ForgeRock, Inc. was an identity and access management software company headquartered in San Francisco. On August 23, 2023, Thoma Bravo announced that it had completed the acquisition of the company for approximately $2.3 billion. On acquisition completion, ForgeRock merged into Ping Identity, with ForgeRock's technology incorporated into the Ping Identity platform.

==Overview==
ForgeRock was founded in Norway in February 2010 by a group of former Sun Microsystems employees, after Sun was acquired by Oracle Corporation. After the acquisition, the software was scheduled for phase-out in favor of Oracle’s in-house product, so the founders "started their own company to fork the code and continue developing Sun’s software."

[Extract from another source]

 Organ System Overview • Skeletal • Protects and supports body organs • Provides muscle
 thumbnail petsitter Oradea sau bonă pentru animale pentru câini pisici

In April 2020, ForgeRock announced that it has raised $93.5 million in funding, a Series E it will use to continue expanding, which "brings the total raised by the company to $230 million." The company went public in September 2021. It is listed on the New York Stock Exchange under the ticker symbol FORG. On October 11, 2022, private equity firm, Thoma Bravo, agreed to purchase ForgeRock for $2.3 billion in an all-cash deal. After the acquisition was completed in August 2023, the new owner reported that ForgeRock would be integrated into its company portfolio Ping Identity.

== Products ==
The ForgeRock Identity Platform includes Access Management (based on the OpenAM open source project), Identity Management (based on the OpenIDM open source project), Directory Services (based on the OpenDJ open source project), and Identity Gateway (based on the OpenIG open source project). ForgeRock Access Management provides access management, ForgeRock Directory Services is an LDAP directory service, ForgeRock Identity Management is used for identity management, and ForgeRock Identity Gateway provides an identity gateway for web traffic and application programming interfaces (APIs).

Originally based on open source software owned by Sun Microsystems (now Oracle Corporation), the enterprise version of the ForgeRock Identity Platform can only be accessed by purchasing a commercial license. The source code of the community version is publicly available under the terms of the Common Development and Distribution License.